• **Description of the task**
What is needed is an exact reproduction of the lines in the records below, starting at the line with "2 segundos en modo de ajuste para activar el" and ending at the line with "Locuitorii de pe", both included, and nothing else; pictures stay out.

• **Records for the task**
=== Begin Enclosure ===

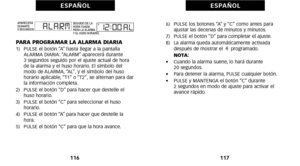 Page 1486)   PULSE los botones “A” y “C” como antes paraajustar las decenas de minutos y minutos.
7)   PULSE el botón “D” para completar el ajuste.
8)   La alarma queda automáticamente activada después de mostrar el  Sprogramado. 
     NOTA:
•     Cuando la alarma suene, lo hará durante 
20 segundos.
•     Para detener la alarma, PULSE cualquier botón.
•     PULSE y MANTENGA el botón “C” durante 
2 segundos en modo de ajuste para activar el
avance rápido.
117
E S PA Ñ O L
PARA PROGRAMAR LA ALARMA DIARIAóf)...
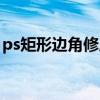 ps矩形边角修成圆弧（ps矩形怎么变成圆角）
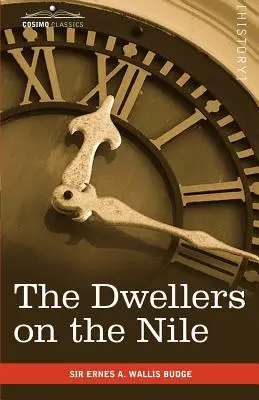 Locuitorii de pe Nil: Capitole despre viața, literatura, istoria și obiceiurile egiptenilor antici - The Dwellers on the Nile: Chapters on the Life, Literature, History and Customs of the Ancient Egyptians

=== End Enclosure ===
=== Begin Enclosure ===

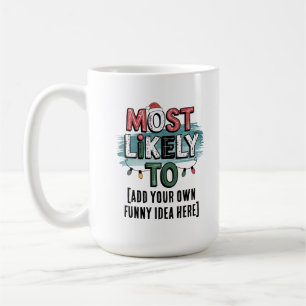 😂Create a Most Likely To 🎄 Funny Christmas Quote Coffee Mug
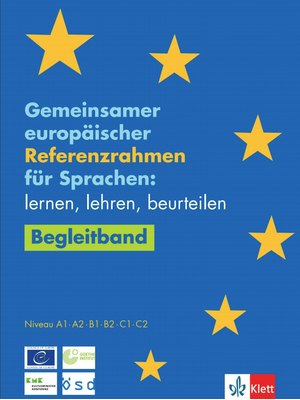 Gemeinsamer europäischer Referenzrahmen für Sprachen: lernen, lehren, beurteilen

=== End Enclosure ===

• **Solution below**
2 segundos en modo de ajuste para activar el
avance rápido.
117
E S PA Ñ O L
PARA PROGRAMAR LA ALARMA DIARIAóf)...
 ps矩形边角修成圆弧（ps矩形怎么变成圆角）
 Locuitorii de pe Nil: Capitole despre viața, literatura, istoria și obiceiurile egiptenilor antici - The Dwellers on the Nile: Chapters on the Life, Literature, History and Customs of the Ancient Egyptians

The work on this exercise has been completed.